In order to find another source of revenue, he has decided to charge users a monthly fee of $7.99 to get the blue ‘verified user’ check mark that guarantees that the user’s Twitter handle is genuine and not a fake. There are 206 million users worldwide, of whom 37 million are in the US. It is not clear how many of them will decide to fork over almost $100 per year in order to get the check mark. For most people, it may simply not be worth it. Currently there are 423,000 people with such verified accounts. If they all opt in, then that would generate about $40 million.

I was amused that he fixed the monthly price at $7.99 and not $8. This idea for this gimmick is the belief that psychologically this makes the product seem cheaper because the number before the decimal is supposed to be the anchoring value that sticks in people’s minds. This belief is widespread and used by retailers everywhere.

The reason is marketing. Retail experts have long known that goods prices slightly less than those priced at a whole number sound far less expensive. Something that is priced at $9.99 seems a lot less expensive than something priced at $10.

Really? People think it is far less expensive? I routinely round up to the nearest whole number because it is easier to remember and compare integers than those that are specified to two decimal places.

The most extreme version of this can be found at gas stations in the US where the price of a gallon is specified to 1/10th of a cent.

Gas prices that end in 9/10th of a cent may look odd, but it’s a standard practice. Eighty years ago a one-cent change in the price of gas was a big jump, and fuels dispensers were able to measure precise volumes. Intense price competition, plus some regulation, institutionalized the practice. Today, anything other than 0.9 cent pricing is unusual in the United States.

Pricing to the 1/10th of a cent is legal in the United States.
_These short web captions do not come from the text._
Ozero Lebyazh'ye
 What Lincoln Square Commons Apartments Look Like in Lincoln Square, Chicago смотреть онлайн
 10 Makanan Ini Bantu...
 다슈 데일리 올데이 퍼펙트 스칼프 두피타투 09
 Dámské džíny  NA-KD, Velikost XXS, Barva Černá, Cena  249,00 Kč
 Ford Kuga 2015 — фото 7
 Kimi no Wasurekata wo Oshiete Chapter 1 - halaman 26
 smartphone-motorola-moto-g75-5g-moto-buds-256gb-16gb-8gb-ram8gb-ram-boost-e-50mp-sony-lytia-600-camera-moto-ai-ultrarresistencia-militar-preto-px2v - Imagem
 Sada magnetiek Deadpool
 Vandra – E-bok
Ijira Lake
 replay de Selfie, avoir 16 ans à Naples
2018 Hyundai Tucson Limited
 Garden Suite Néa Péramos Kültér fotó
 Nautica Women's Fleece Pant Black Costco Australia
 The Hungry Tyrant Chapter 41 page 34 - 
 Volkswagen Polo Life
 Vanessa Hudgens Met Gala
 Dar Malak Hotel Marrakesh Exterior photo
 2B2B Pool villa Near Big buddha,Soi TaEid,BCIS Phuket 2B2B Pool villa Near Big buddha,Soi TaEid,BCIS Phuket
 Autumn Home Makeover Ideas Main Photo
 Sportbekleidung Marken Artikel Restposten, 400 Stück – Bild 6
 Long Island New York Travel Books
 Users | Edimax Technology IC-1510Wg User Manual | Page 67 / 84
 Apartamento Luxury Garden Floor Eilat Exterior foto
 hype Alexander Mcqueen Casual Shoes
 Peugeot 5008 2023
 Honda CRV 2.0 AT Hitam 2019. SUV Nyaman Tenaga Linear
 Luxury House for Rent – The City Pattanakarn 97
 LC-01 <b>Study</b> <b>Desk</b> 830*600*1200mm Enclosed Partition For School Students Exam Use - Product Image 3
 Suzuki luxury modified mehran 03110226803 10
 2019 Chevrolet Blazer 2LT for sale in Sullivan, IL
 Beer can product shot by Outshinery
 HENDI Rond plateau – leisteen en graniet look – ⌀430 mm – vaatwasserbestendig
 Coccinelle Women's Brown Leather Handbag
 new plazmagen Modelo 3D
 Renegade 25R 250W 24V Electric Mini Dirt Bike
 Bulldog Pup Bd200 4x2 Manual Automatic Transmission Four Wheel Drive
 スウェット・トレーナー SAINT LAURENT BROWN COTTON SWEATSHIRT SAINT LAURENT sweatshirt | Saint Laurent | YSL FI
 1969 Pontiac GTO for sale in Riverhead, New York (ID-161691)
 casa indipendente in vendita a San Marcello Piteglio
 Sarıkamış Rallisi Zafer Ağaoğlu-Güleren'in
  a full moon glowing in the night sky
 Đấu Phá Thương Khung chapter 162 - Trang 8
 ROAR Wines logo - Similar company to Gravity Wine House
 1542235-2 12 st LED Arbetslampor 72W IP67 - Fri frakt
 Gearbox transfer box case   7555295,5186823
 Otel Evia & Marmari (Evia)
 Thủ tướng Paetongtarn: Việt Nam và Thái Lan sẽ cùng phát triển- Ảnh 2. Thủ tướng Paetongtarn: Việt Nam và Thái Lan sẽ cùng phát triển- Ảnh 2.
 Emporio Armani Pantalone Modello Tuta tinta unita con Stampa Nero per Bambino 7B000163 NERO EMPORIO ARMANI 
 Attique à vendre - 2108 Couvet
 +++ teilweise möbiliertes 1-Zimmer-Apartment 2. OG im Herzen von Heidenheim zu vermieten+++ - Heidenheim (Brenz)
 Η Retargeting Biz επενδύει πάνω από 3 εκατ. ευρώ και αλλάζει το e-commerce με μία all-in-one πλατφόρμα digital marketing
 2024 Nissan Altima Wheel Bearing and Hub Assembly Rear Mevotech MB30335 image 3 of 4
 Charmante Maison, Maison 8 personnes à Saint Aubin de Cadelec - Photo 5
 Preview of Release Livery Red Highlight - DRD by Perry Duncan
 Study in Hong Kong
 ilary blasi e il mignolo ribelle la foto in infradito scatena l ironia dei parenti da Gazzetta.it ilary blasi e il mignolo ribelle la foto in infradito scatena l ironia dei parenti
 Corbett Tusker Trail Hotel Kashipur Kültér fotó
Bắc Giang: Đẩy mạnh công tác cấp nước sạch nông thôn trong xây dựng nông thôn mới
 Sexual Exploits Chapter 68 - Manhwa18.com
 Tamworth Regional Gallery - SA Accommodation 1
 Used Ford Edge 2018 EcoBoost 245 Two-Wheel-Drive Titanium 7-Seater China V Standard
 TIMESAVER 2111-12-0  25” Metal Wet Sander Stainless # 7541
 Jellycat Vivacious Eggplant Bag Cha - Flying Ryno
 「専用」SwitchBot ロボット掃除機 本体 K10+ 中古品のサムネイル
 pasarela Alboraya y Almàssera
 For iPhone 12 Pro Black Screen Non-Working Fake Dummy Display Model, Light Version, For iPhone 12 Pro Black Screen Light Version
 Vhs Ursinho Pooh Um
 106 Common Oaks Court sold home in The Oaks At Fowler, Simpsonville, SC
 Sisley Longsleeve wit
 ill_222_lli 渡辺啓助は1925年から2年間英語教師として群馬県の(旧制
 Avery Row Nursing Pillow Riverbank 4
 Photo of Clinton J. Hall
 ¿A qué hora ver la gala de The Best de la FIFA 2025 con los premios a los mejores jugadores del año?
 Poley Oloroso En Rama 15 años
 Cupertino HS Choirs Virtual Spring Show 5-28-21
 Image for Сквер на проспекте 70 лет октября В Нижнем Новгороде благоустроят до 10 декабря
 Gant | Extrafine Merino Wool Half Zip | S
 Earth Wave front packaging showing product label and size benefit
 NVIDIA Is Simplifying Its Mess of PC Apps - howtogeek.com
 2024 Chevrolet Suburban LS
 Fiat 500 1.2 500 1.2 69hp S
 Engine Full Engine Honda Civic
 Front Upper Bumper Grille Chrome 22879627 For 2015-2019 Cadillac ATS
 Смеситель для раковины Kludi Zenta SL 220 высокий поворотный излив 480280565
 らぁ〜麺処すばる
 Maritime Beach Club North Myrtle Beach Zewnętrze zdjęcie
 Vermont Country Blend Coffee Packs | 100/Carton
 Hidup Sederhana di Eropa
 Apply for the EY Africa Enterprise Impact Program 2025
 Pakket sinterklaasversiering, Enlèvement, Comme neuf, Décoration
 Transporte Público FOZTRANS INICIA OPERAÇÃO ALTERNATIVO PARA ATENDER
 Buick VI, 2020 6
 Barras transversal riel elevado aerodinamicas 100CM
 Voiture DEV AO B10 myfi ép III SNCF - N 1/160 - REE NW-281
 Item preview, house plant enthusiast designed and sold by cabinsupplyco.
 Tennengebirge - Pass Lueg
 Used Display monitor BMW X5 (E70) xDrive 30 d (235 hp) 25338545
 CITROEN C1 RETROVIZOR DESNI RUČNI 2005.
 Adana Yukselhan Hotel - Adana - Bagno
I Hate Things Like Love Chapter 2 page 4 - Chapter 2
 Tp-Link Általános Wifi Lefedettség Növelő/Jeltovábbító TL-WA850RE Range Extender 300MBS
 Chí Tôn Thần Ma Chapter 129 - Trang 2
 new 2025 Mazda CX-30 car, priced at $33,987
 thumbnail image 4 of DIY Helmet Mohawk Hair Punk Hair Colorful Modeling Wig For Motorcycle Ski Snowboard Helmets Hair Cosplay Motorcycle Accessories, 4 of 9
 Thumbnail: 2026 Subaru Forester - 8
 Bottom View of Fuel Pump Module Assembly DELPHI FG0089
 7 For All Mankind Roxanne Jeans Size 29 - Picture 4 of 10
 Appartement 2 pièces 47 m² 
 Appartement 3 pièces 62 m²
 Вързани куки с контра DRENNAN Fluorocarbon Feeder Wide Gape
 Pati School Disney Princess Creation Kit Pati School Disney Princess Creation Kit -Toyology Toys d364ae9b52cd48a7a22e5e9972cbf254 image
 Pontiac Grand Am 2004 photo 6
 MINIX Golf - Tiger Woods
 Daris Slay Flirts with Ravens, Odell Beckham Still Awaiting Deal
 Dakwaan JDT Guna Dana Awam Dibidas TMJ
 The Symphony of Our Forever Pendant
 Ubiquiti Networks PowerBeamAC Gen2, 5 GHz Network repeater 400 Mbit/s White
It was part of the original Coinage Act of 1792, which standardized the country’s currency. Among the standards was one related to pricing to the 1/1,000th of a dollar (1/10th of a cent), commonly known as a “mill.” A year later, the half-cent coin was introduced, which was minted through 1857.

Hence purchasing 10 gallons at $4.999 costs nine cents more than if the price is $4.99, and one cent less than if the price was $5. It appears that the 9/10 of a cent prices are usually ignored by people until they are made aware of it.

A Palo Alto, California, retailer experimented with full-cent pricing in 2006, and the results were surprising. Jim Davis of Jim’s Texaco set his price at $2.99 a gallon instead of $2.999 a gallon. He told the San Jose Mercury News that he did it as an experiment—and it cost him. By lopping off the 9/10th of a cent, he saw about $23 less a day in profits based on his 2,500 per day in gallons sold. And no one noticed the difference.

When Jim’s Texaco customers were alerted that prices did not feature 0.9 cent pricing, they reacted negatively, assuming that Davis rounded up the price. Others questioned why he didn’t reduce the price by more, such as by 99 cents per gallon. Davis quickly abandoned his experiment.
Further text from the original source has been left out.